The profile statistics and roughness uniformity of samples were investigated using profiles measured by an AFM (Veeco D5000) with a tip of radius 7 nm. The AFM stage resolution along lateral and vertical direction was 1.5 nm and 0.1 nm, respectively. Each sample was scanned nine times, but the location was different. A scanning area was 10 μm × 10 μm, and the height h(x, y) along x- or y-direction was specified using 512 data points. For the comparison consistency, the standard deviation σ and correlation length ζ were obtained following the definition from a Gauss surface [32]. Their uniformity among nine scanned areas was confirmed, but only the average of all scanned areas were illustrated here for conciseness. The height standard deviation (σx¯,y¯) and correlation length (ζx¯,y¯) averaged over nine areas of Sample A (using sandpaper No. 400) were 58 nm and 605 nm, respectively. Subscripts x¯ and y¯ represent the average along the x- and y-direction, respectively. In contrast, σx¯,y¯ and ζx¯,y¯ of Sample B (using sandpaper No. 1200) were 35 nm and 566 nm, respectively. Sample A had larger height variation clearly, but its profile was more correlated than that of Sample B.

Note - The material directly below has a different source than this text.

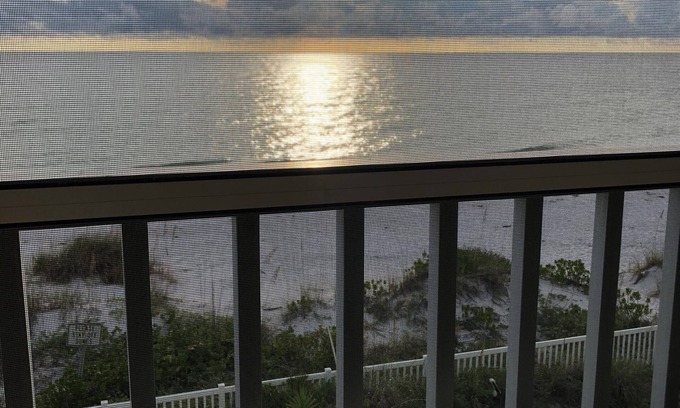 Bradenton Beach Condominio | Fully updated Direct Beachfront 2 bed, 2 full bath condo w/heated beachside pool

Figure 2 shows the average surface profile along the x-direction hy¯(x) for three scanned areas of each sample. An inset plots the original height h(x, y) of the sampling area measured by the AFM. The other inset specifies σx¯,y¯ and ζx¯,y¯ averaged over all scanned areas. hy¯ is the middle curve in every sub-figure, and its data point represents the average of heights along the y-direction of the scanned area. σy¯ is the average height standard deviation similarly defined. σy¯ is sometimes large due to particles, which cause height variation in a small area. As a result, the variation of hy¯ enlarges with σy¯ occasionally. For example, the variation of hy¯ becomes larger and σy¯ gets bigger at the right part than the left part of first sub-figure in Fig. 2(a). But the rough surface profile along the x-direction is mainly contributed from scratching. One proof is the usual independence between hy¯ variation and σy¯ value. Another is the stripe patterns in insets, showing trivial σy¯ variation. Three curves (hy¯, hy¯σy¯ and hy¯+σy¯) are usually close. Therefore, we consider h as a function of only x, and the subscript y¯ will not be specified hereafter.

 figure: Fig. 2

Fig. 2 The average height along y-direction (hy¯) for three 10 μm × 10 μm scanned areas of: (a) Sample A; (b) Sample B. The inset in each sub-figure shows the original contour measured.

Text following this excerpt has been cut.